Jamie Lee Curtis has a simple request: Take the phrase "anti-aging" out of your vocabulary.

At the Radically Reframing Aging Summit hosted by Maria Shriver, Curtis shared her opinion on the way we talk about aging and how it should change.

“This word 'anti-aging' has to be struck,” she said. “I am pro-aging. I want to age with intelligence, and grace, and dignity, and verve, and energy.”

"I don't want to hide from it," she added.

The summit, which sought to explore growing older as "one of the greatest gifts in life," highlighted the perspectives of experts, such as doctors and professors, and celebrities, including Goldie Hawn, William Shatner and Rob Lowe.

In her discussion with Shriver, Curtis also opened up about the way she has accepted her 63-year-old body, according to Prevention magazine. One part of that? Not looking in the mirror as much.

“I’m not denying what I look like, of course I’ve seen what I look like," she said. "I am trying to live in acceptance. If I look in the mirror, it’s harder for me to be in acceptance. I’m more critical. Whereas, if I just don’t look, I’m not so worried about it.”

Curtis also opened up about the importance of natural beauty, something she's been candid about on social media recently.

Curtis is featured in the upcoming film "Everything Everywhere All At Once" and shared a photo of herself in costume, wearing a mustard yellow turtleneck, white wig and red-framed glasses. In the caption, Curtis revealed that she had simple instructions for her character's styling: "I want there to be no concealing of anything."

Curtis rejected the notion of using products that are about "hiding things," such as concealers, body shapers, fillers, procedures and more.

“I’ve been sucking my stomach in since I was 11, when you start being conscious of boys and bodies, and the jeans are super tight," she wrote. "I very specifically decided to relinquish and release every muscle I had that I used to clench to hide the reality. That was my goal. I have never felt more free creatively and physically."

Best known for her role as Laurie Strode in "Halloween," Curtis also posted a selfie in February remembering her "heroine."

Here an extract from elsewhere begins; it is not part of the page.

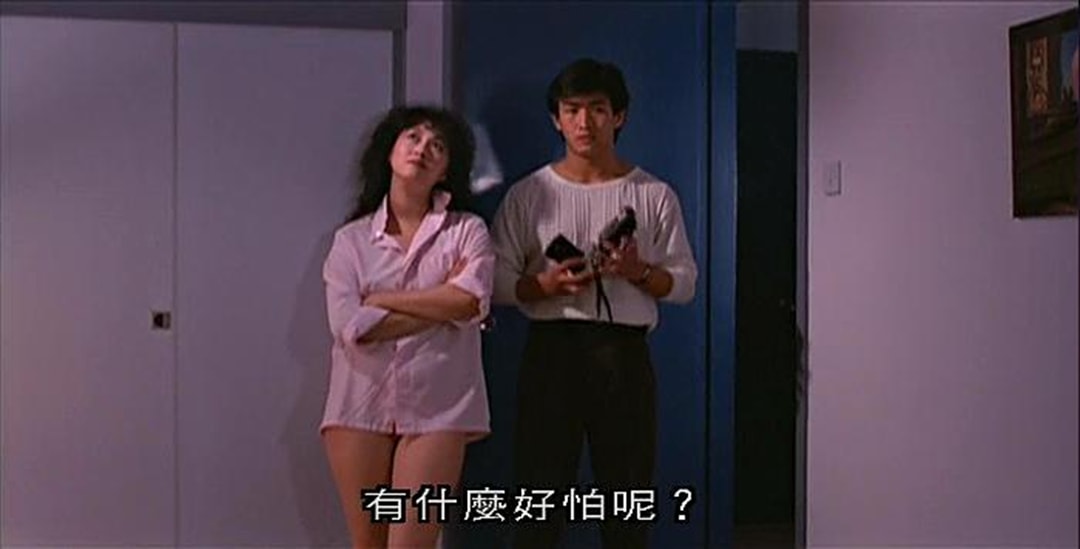 http://www.fjsenfa.cn/pics/default/download/fa94677b5803b1c25380a29fa2ddc79a.jpg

In the caption, she described the experience of having a opening your phone and looking at an image of yourself that feels like a "gotcha moment"

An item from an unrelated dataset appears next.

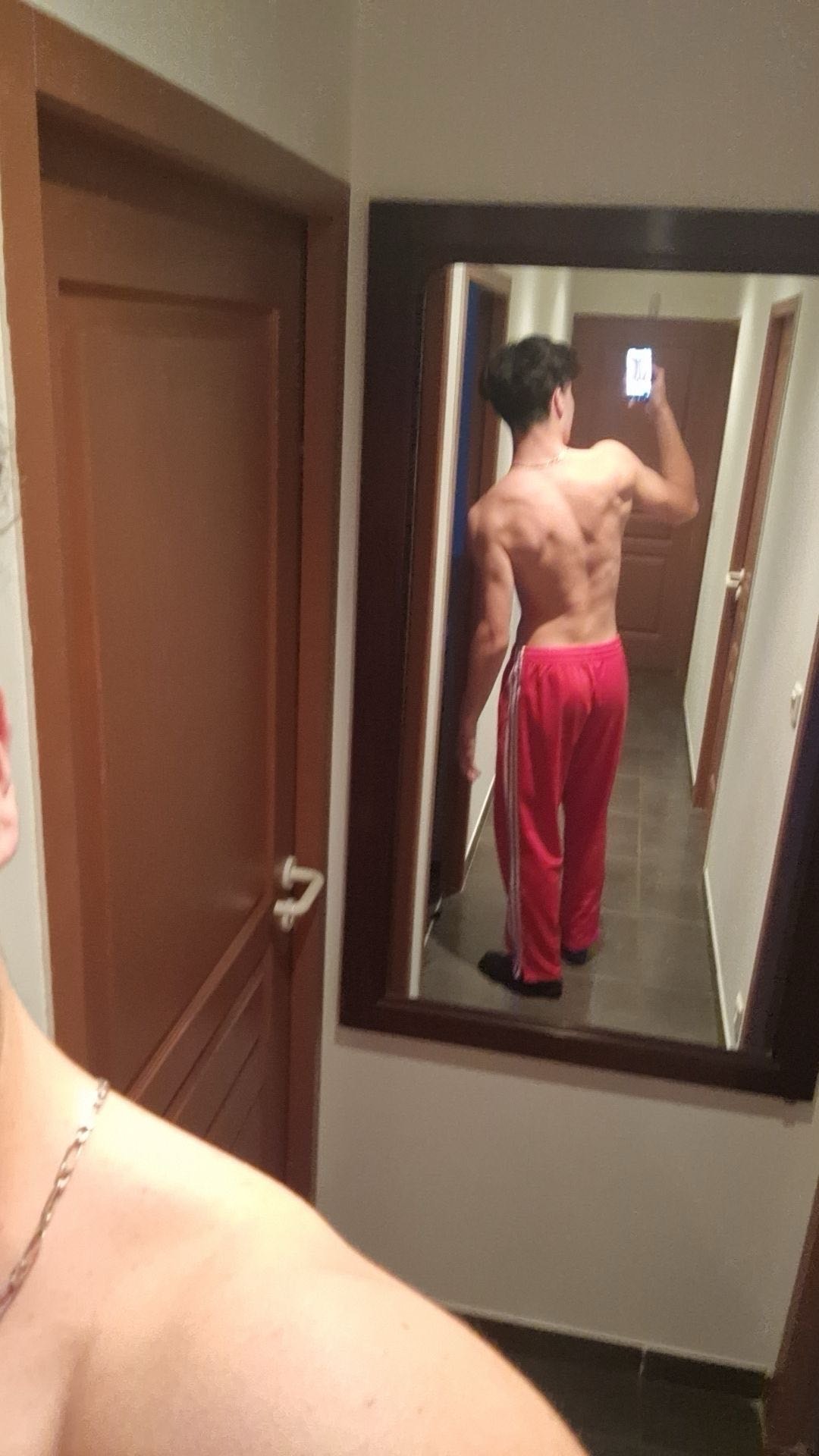 Nevzat - Kaltbach - Lucerne | Rencontre Mature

"Often the most unflattering image, we are often looking down, to remind us of our humility, humanity, and lack of hubris in this filtered world we all exist in on this platform," she wrote in the caption.

In her makeup-free selfie, Curtis saw herself and was reminded of her "Halloween" character, a part she will reprise in the 2022 film "Halloween Ends."

"I was delighted on this Freaky Friday (to) be confronted with my heroine, my true north, and the survivor of my story Laurie Strode. I miss the woman that gave her name, Debra Hill, and I honor her this day and all who are surviving threat, both internal and certainly external, in this crazy world," she said in the caption.

At the summit, per Prevention, Curtis emphasized that worrying only takes away from the time she does have.

"I am 63-years-old. My mother died at 76. My father died at 85. I have no effing time to waste,” she said. “My motto is, ‘If not now, when? And, if not me, who?’ And, that has unleashed me and freed me, and allowed me to do everything I’m doing with zero attachment.”